» Records shown:
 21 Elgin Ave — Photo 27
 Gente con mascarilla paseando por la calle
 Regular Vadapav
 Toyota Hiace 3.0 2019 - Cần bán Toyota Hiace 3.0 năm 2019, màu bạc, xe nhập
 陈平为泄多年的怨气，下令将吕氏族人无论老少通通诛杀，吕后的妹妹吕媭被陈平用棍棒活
...
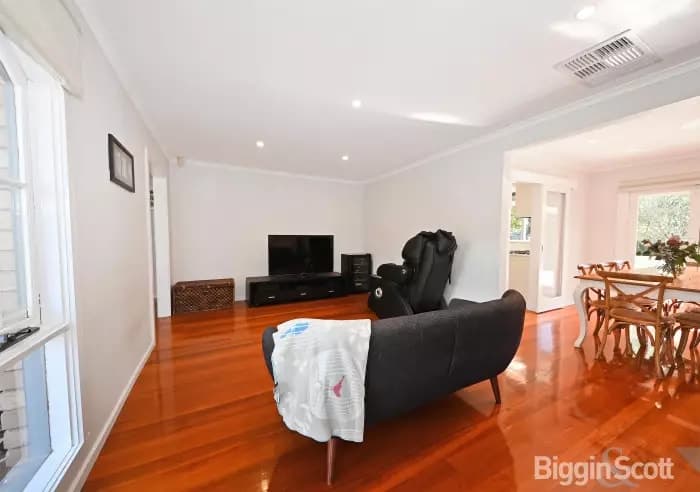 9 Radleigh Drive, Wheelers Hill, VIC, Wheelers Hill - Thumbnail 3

» What is required:
As listed above, the lines from the line with "21 Elgin Ave — Photo 27" to the line with "陈平为泄多年的怨气，下令将吕" are to be echoed exactly, with both ends included and nothing added.

» Solution to the problem:
 21 Elgin Ave — Photo 27
 Gente con mascarilla paseando por la calle
 Regular Vadapav
 Toyota Hiace 3.0 2019 - Cần bán Toyota Hiace 3.0 năm 2019, màu bạc, xe nhập
 陈平为泄多年的怨气，下令将吕氏族人无论老少通通诛杀，吕后的妹妹吕媭被陈平用棍棒活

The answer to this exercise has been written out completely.